[[ Records supplied, beginning ]]
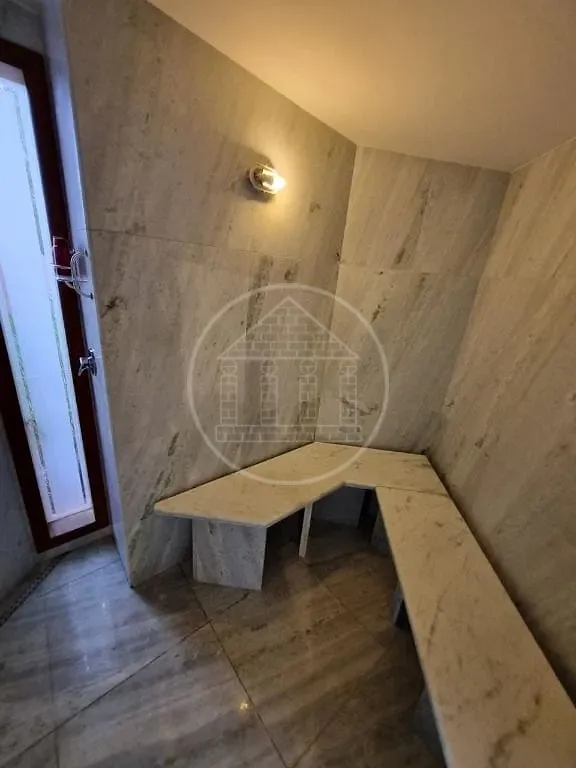 Casa, 5 quartos, 2100 m² - Foto 18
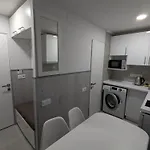 Apartman Pascual *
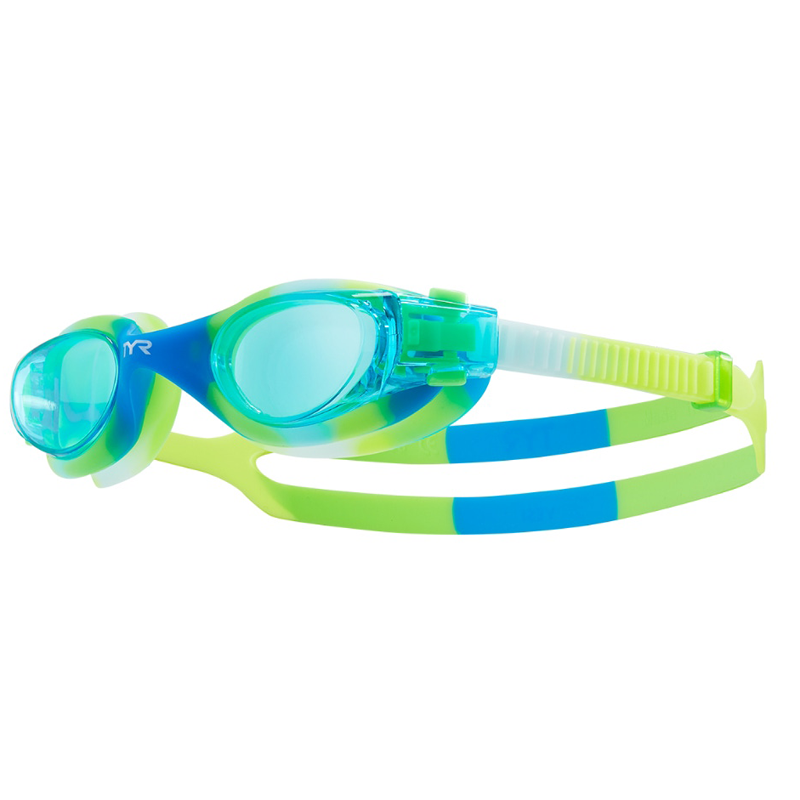 Vesi-Tie-Dye-Youth-Goggles-Blue-GreenLGVSITD487.png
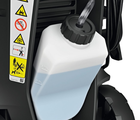 Stihl Højtryksrenser RE 120.0 vario control | Anker Bjerre A/S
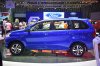 [VMS 2017] Toyota Avanza - MPV bán chạy nhất nhì Indo có làm nên chuyện ở Việt Nam?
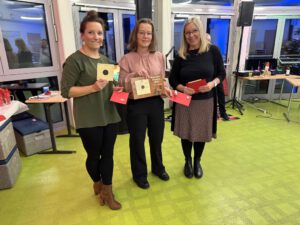 08d9da61 7287 4802 ae99 bc79d18692f9 1 105 c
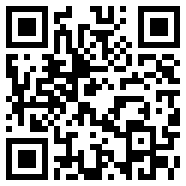 那好吧1.6.8.3最新版永久免更新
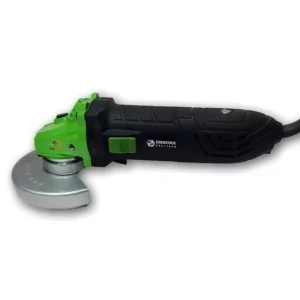 Krost 750 W 100 Mm Angle Grinder 001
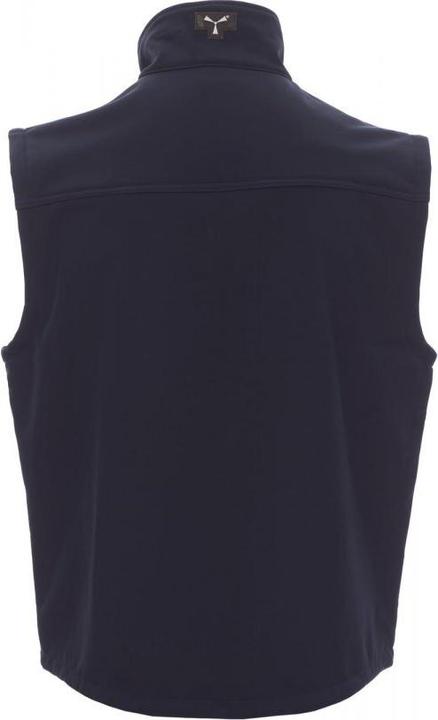 Actual product image Payper Gilet (L)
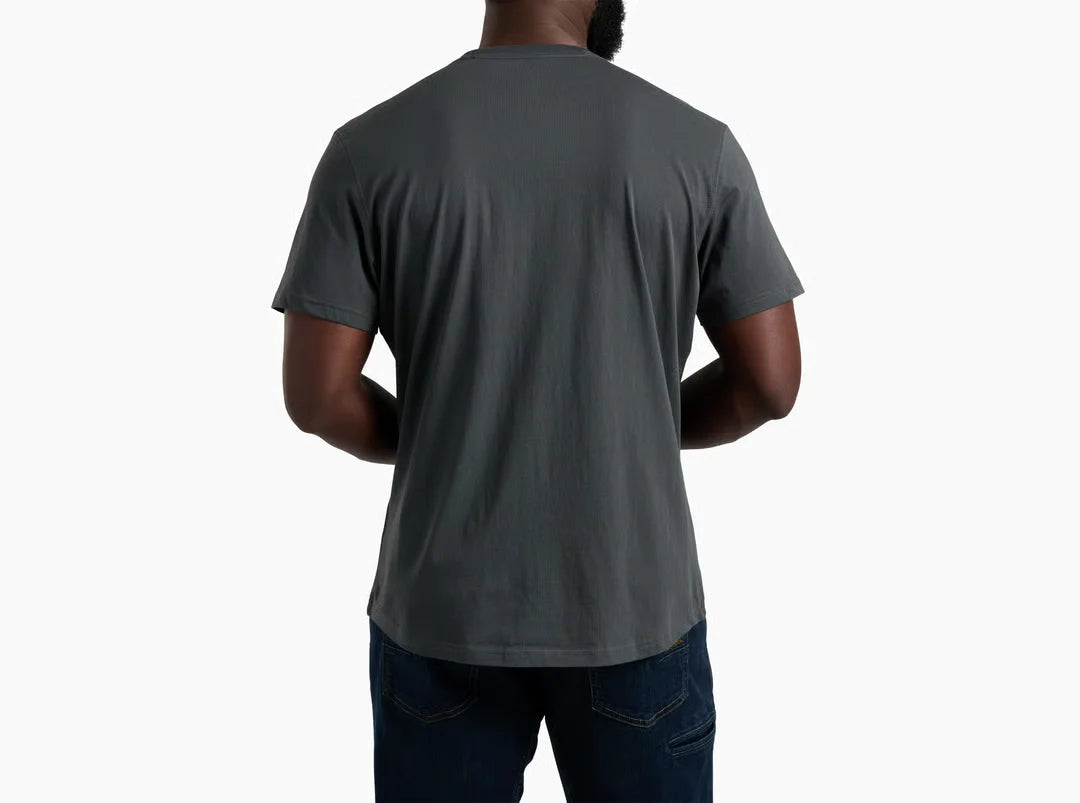 Superair™ Kurve T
[[ Records supplied, end ]]
Task objective.
Your task is to reproduce all of the material exactly. The pictures stay out.

Response to the task.
 Casa, 5 quartos, 2100 m² - Foto 18
 Apartman Pascual *
 Vesi-Tie-Dye-Youth-Goggles-Blue-GreenLGVSITD487.png
 Stihl Højtryksrenser RE 120.0 vario control | Anker Bjerre A/S
 [VMS 2017] Toyota Avanza - MPV bán chạy nhất nhì Indo có làm nên chuyện ở Việt Nam?
 08d9da61 7287 4802 ae99 bc79d18692f9 1 105 c
 那好吧1.6.8.3最新版永久免更新
 Krost 750 W 100 Mm Angle Grinder 001
 Actual product image Payper Gilet (L)
 Superair™ Kurve T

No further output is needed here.